Start of DATA FOR REVIEW

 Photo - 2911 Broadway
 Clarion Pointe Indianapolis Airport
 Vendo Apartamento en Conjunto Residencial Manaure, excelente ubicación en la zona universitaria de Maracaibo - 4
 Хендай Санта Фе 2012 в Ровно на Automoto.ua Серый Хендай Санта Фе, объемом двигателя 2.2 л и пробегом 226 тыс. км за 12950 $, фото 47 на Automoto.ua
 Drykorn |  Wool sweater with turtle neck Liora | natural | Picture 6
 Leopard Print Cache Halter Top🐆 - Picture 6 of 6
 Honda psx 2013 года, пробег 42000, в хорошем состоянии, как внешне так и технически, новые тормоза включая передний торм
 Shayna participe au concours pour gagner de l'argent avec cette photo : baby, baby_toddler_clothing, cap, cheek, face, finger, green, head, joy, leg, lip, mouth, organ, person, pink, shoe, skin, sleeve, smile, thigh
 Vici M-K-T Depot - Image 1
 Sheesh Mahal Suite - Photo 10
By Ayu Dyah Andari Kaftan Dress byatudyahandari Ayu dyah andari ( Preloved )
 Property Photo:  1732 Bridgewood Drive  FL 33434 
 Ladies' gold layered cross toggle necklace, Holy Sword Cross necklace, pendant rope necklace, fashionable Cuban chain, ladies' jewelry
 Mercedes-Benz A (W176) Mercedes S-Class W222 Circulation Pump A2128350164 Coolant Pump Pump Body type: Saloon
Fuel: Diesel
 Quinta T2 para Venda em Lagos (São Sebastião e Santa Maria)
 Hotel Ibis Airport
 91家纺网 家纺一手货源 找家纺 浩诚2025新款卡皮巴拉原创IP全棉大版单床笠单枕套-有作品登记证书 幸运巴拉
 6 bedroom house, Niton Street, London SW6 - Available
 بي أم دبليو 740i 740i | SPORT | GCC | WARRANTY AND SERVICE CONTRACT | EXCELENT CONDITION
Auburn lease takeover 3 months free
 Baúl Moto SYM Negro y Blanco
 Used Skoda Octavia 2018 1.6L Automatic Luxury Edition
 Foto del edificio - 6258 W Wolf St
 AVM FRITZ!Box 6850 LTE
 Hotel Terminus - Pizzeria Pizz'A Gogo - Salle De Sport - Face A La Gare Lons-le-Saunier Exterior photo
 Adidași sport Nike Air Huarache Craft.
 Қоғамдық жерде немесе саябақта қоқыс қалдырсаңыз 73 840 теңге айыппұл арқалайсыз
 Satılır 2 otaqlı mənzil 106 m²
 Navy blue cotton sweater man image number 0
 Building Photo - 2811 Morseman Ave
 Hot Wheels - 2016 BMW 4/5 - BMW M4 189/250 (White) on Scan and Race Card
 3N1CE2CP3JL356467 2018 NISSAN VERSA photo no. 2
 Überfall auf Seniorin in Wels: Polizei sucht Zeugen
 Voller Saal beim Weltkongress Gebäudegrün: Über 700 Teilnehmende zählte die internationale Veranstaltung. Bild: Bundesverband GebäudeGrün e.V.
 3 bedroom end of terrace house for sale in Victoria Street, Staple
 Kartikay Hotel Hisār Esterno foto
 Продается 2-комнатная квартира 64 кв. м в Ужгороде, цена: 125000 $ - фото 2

End of DATA FOR REVIEW

**TASK REQUIREMENTS**.
Among the lines of the material, find those that hold the word "sweater" and copy them.

**WRITTEN ANSWER**.
 Drykorn |  Wool sweater with turtle neck Liora | natural | Picture 6
 Navy blue cotton sweater man image number 0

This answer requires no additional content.